Ini bukan realisme sosial seperti pada era pelukis Lekra, melainkan realisme eksistensial, menyoroti kondisi batin, kehilangan arah, dan perjuangan dalam sistem modern. Dunia yang semakin paradoksal digambarkan Chris dengan kenaifan manusia modern, sebuah potret realitas sosial yang diliputi: ambisi, keterasingan, dan daya tahan manusia modern. Tokohnya adalah orang-orang yang hidup dalam sistem anonim, akrab, namun penuh dilema.
Ada yang menarik dalam pameran kali ini adalah adanya semacam keunikan , di mana seperti sang seniman melakukan pengelompokan karya dengan 3 teknik melukis yang berbeda cukup signifikan.

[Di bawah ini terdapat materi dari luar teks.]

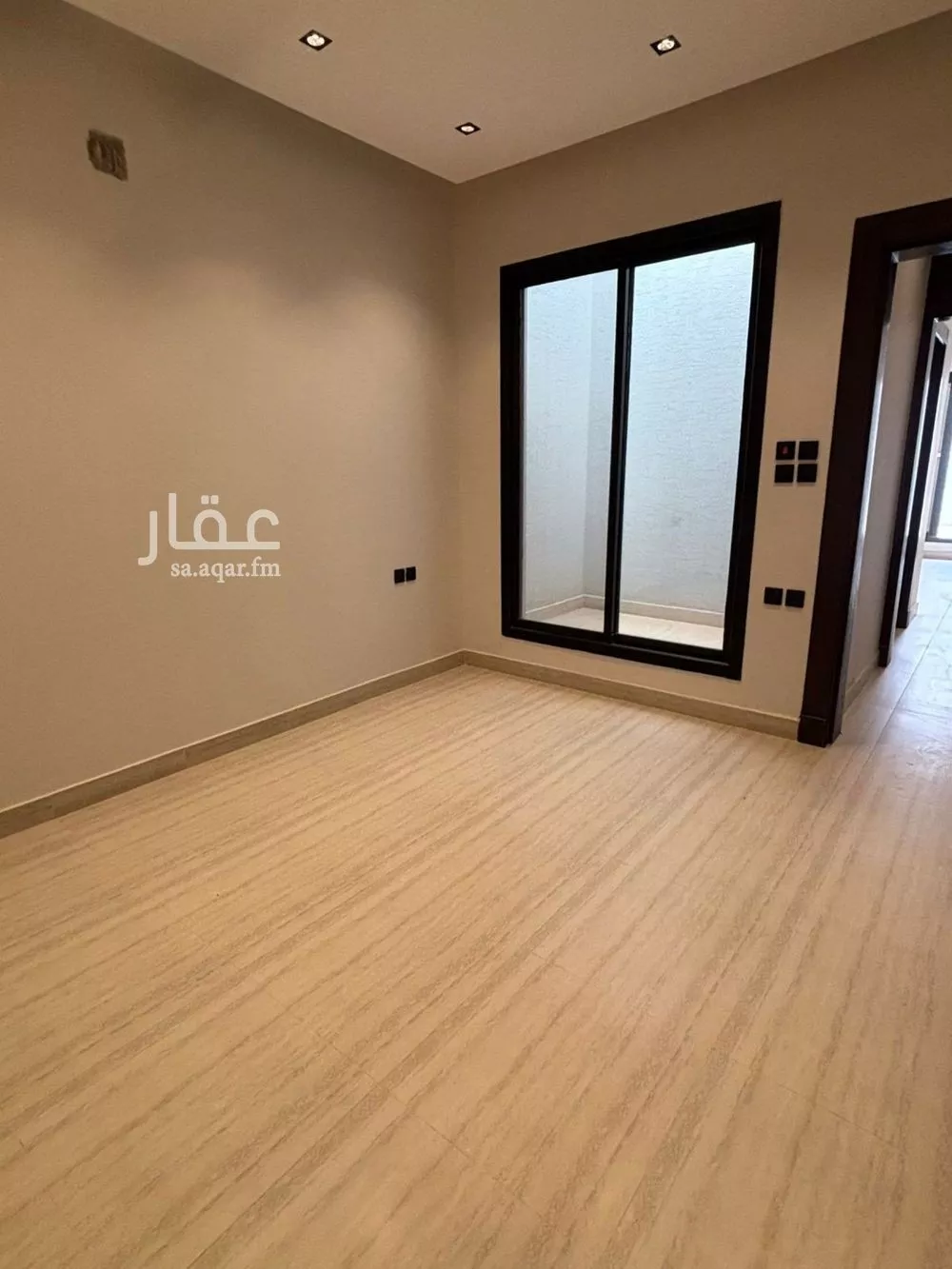 دور 3 غرف في العارض 3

Pertama satu lukisan dengan gaya seni renaisans yang berjudul ‘Shameful Throne’, kedua berjudul ‘Apostle’ yang lebih menggambarkan teknis melukis realisme fotografis begitu sublim, sedangkan serie ‘Penyintas’ gaya melukis Chris sedikit bergeser ke gaya comical yang paletnya lebih kasar dan namun kuat, meski tetap realis namun tidak menonjolkan efek getir.
Chris sendiri mengaku senirupa konstektual Jogyakarta cukup mempengaruhi karya-karyanya. Sebagai seniman autodidak berlatar belakang pendidikan sejarah, tentu karya seni yang ditampilkan Alexander Chris merupakan suatu hal yang menarik dan perlu diapresiasi. Kedalaman dalam menggali subject matter setiap tema karyanya akan mempengaruhi karir melukisnya di masa yang datang. Tentu jika ethos kesenimanan digabungkan dengan intensitas riset yang mendalam maka sangat terbuka peluang menghasilkan karya seni yang kuat di masa depan.***
Lucky L. Hakim (seni.co.id)
Pameran Alexander Chris di Galeri Orbital Dago, Jl. Rancakendal No.7, Cigadung, Kota Bandung berlangsung sampai 9 November 2025.